Faszinierend war dann aber Berwald nach der Pause – neben Blomstedt selbst der Grund, weshalb ich das Konzert hören wollte. Seine vier Symphonien schrieb der Altersgenosse Schuberts – Berwald lebte von 1796–1868 – in drei Jahren, 1842–45. Alle tragen sie Titel, die „Kapriziöse“ folgte auf die „Seriöse“, blieb leider unaufgeführt im Schreibtisch des Komponisten liegen – und die Originalpartitur ging irgendwann verloren. „Erhalten hat sich nur die 1842 entstandene Verlaufsskizze des Werks, nach der sich eine Aufführungspartitur rekonstruieren liess. Dieser verdienstvollen Arbeit unterzog sie der Stockholmer Konservatoriumsprofessor Ernst Ellberg, dessen Fassung 1914 in Stockholm zur Uraufführung gelangte. Auf dieser Grundlage hat 1971 Nils Castegren seine Edition im Rahmen der Berwald-Gesamtausgabe erarbeitet; diese Version gilt heute als diejenige, die dem verschollenen Original wohl am nächsten kommt“ (Hans-Joachim Hinrichsen im Programmheft). Für mich war diese Symphonie – die in drei Sätzen ohne ein Scherzo daherkommt – eine echte Entdeckung. Und es war klasse, dass ich sie am Freitag – dann auch richtig ausgeschlafen – gleich noch einmal hören konnte. Einige Motive hatten sich da schon im Gedächtnis festgehakt. Wie Berwald mit Themen und eben auch kleinen Motiv-Kürzeln umspringt, fand ich sehr faszinierend zu hören, das wirkt viel weniger gradlinig, als man es sich sonst mit Symphonien aus der Zeit gewohnt ist (manche sagen dazu „moderner“), sehr lebendig, sehr bewegt, und ja, wie Hinrichsen schreibt, da gewisse Motive immer wieder – auch unerwartet – zum Einsatzkommen, hat das Werk etwas „Kaleidoskopartiges“.

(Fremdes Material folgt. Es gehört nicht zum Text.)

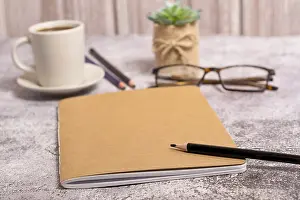 Empty Desk Setup Prints: Closed notebook with brown covers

Wie ich im Hörfanden schon geschrieben habe, muss ich wohl Aufnahmen der vier Symphonien besorgen. Die Decca-CD von Blomstedt selbst mit Nr. 1 und Nr. 4 ist derzeit nicht greifbar, aber es gibt bei BIS eine Doppel-CD mit Sixten Ehrling von allen Vieren, die bestelle ich dann wohl die nächsten Tage mal beim Vertrieb (wo ich am Donnertag passenderweise zwei Stenhammar-CDs abholte, die eine mit Neeme, die andere mit Paavo Järvi).

Blomstedt im Gespräch mit Ulrike Thieke von der Tonhalle (für das Tonhalle-Magazin, Herbst 2022):

Diese Neugierde erkennt man auch in Ihren Programmen mit dem Tonhalle-Orchester Zürich, mit dem Sie seit vierzig Jahren verbunden sind. Bei Ihrem Zürcher Debüt im März 1982 dirigierten Sie ein reines Beethoven-Programm, kurz darauf schon ein Werk von John Adams. Im Dezember werden Sie die Sinfonie Nr. 2 von Franz Berwald leiten. Wählen Sie heute Ihre Programme anders aus als in früheren Tagen?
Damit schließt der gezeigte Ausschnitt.